L’un des plus gros points faibles de Tigane était ses longueurs au point que j’avais parcouru certains passages en lecture rapide. Dans Les lions d’Al-Rassan, le phénomène n’est pas aussi marqué heureusement mais tout de même, j’ai eu quelques petits passages à vide pendant ma lecture. Il faut dire que le style de Guy Gavriel Kay est très exhaustif, tellement qu’il se perd parfois dans des détails. Si cela peut aussi apporter de la consistance à son récit, cela peut également perdre le lecteur d’autant plus que le roman n’est pas mince et fait plus de sept cent pages!
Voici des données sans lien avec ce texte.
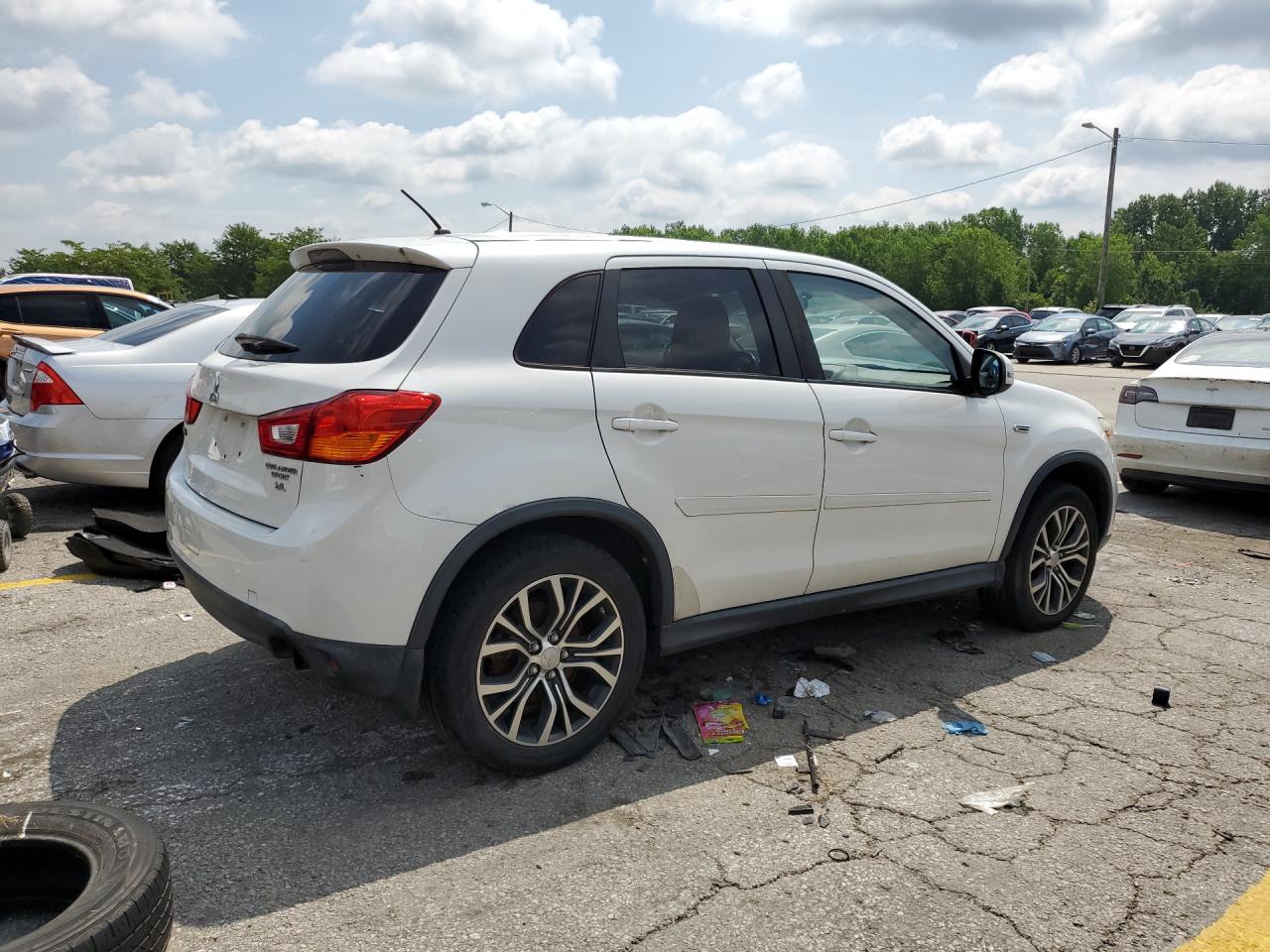 2016 MITSUBISHI OUTLANDER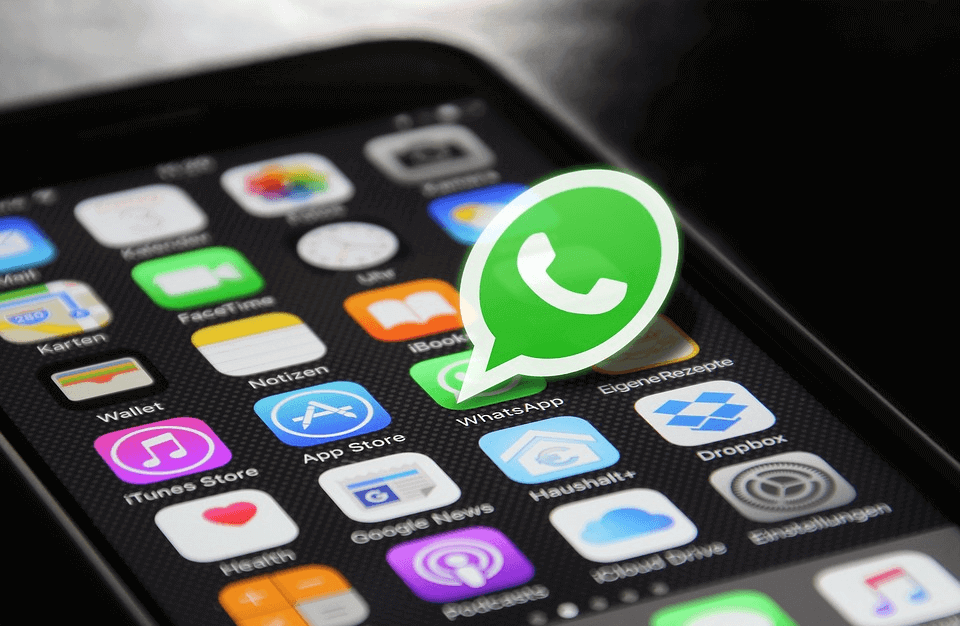 whatsapp dark mode iPhone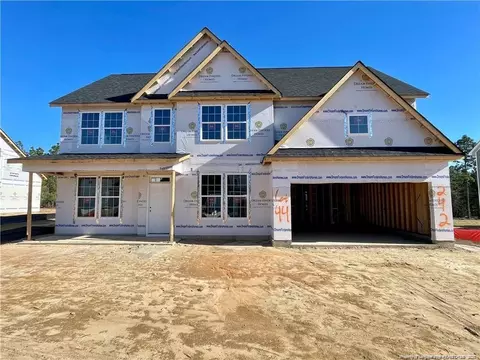 242 Pinnacle Ct, Raeford, NC 28376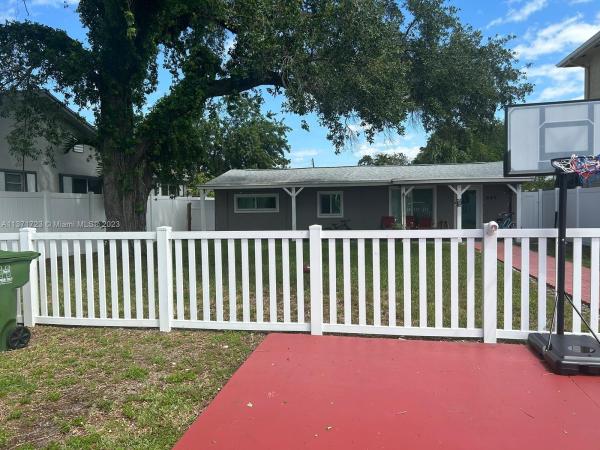 Glendale Lawns, 642 SW 2nd St, Hallandale Beach, Florida 33009, image 1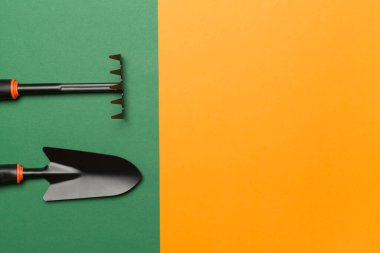 Renk arkaplanı, üst görünüm bahçe araçları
En conclusion, Guy Gavriel Kay a su parfaitement saisir les enjeux historique, géopolitique et social de l’Espagne du XIème siècle pour les retranscrire de manière spectaculaire et crédible dans son roman de Fantasy Historique. Le résultat est remarquable : bien écrit, très immersif et exotique par son petit côté arabisant, des personnages attachants ainsi qu’un background solide. Dommage toutefois que quelques longueurs aient parfois perturbé ma lecture mais cela ne m’a pas du tout empêché d’avoir eu un coup de coeur pour ce roman au point de le situer dans la même lignée de Gagner la guerre de Jean-Philippe Jaworski!

Autres Avis : 

Albédo

Apophis

Blackwolf

Célindanae

Elhyandra

L’ours inculte

12 réflexions sur “Les lions d’Al-Rassan de Guy Gavriel Kay

  1. (merci pour le lien)

    Excellente critique, et content que tu aies aimé ! Du coup, enchaîner sur Fionavar (si j’ai bien tout saisi) dans votre projet de lecture commune risque de vous faire bizarre, puisque c’est d’une (Crossworlds) fantasy beaucoup plus classique dont il s’agit, quasi-Tolkienienne.

    Aimé par 1 personne

    1. C’était l’idée de départ mais on est revenu dessus, on va attendre plus loin dans l’année pour morceler la trilogie sur 3 mois, s’enfiler la trilogie en décembre était finalement pas très enthousiasmant ni Pal-compatible ^^

      Aimé par 2 personnes

  2. Je n’ai lu que la première partie mais je suis d’accord avec ce que tu en dis. Et tu m’en apprends plus ne connaissant pas beaucoup l’histoire de l’Espagne. (je suis nulle en histoire en même temps). Par contre, j’ai tenté « gagner la guerre » et j’ai abandonné.

    Aimé par 1 personne

    1. Tu sais même si j’ai eu une formation en Histoire, j’ai dû me documenter pour écrire cet article. Après, je pense que personne n’est nul en Histoire, il faut juste choisir les bons ouvrages de vulgarisation plus abordables. Pour Gagner la guerre, je comprends car il n’est pas non plus facile d’accès.

      J’aime

  3. Bravo pour ton excellente chronique, bien documentée comme toujours 😉
    J’ai adoré ce roman ! Il est construit de manière tellement habile que j’ai été scotchée du début à la fin, sans temps morts.
    Tu as raison, les personnages sont superbement travaillés, et cette LC fût la révélation d’un auteur de grand talent pour moi.